Il progetto è considerato un modello, tanto che la Commissione europea ha dichiarato che in futuro baserà su questo genere di interventi i suoi finanziamenti alla conservazione ambientale in Africa, nel quadro di riferimento di un programma chiamato “NaturAfrica”.
Criticità e opacità
La ricerca condotta da un esperto del settore per conto di Survival International solleva invece molti dubbi sull’impostazione stessa del progetto e ne elenca i diversi punti critici. Primo fra tutti l’impatto sulle comunità coinvolte, cui è imposto dall’alto di cambiare il proprio modo di gestire l’attività economica che ne garantisce la sopravvivenza.
Le comunità, inoltre, non sarebbero state adeguatamente informate e coinvolte nel progetto, come sarebbe previsto dai protocolli internazionali in materia. Ma vengono argomentati anche diversi problemi tecnici. Non è scientificamente provato, ad esempio, che la rotazione dei pascoli permetta lo stoccaggio di carbonio aggiuntivo. La base di partenza, infatti, è solo presupposta.
Dunque nessun calcolo credibile su quantità aggiuntive stoccate può essere fatto. Inoltre non c’è modo di controllare con precisione la rotazione delle zone di pascolo in un territorio tanto grande e per un numero di pastori rilevante. Senza contare che altri potrebbero entrare nel territorio considerato.
Ci sarebbero inoltre questioni legali dovute allo status dei terreni su cui il progetto si estende mentre è incerto il diritto della Nrt di gestire i proventi che ne sono già derivati e che ne deriveranno in futuro.
Per quanto riguarda la distribuzione dei proventi, infine, ne andrebbero alle comunità il 30%. Ma il 40% di questa quota dovrebbe essere investita per rinforzare le strutture del progetto e del monitoraggio. Il restante 60% sarebbe distribuito dalla Nrt attraverso un processo ben poco trasparente.

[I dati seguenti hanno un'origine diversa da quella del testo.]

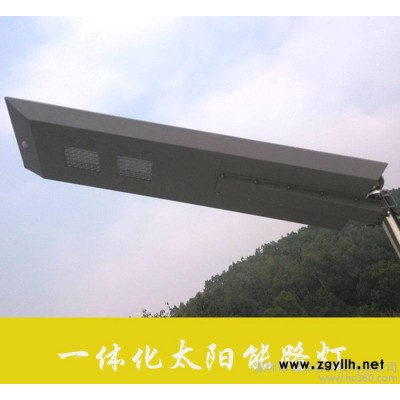 10W-45W太阳能庭院灯LED太阳能路灯太阳能一体化路灯现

In conclusione, il rapporto di Survival International conferma la debolezza, se non l’opacità, del mercato dei crediti di carbonio basati sulle risorse ambientali.
Ma mette anche in luce molte, troppe criticità di un progetto spacciato come possibile pilota di ingenti finanziamenti europei alla conservazione ambientale in Africa. E non è la prima volta che una ricerca indipendente mette in discussione scelte politiche basate su informazioni non trasparenti o non sufficientemente ponderate.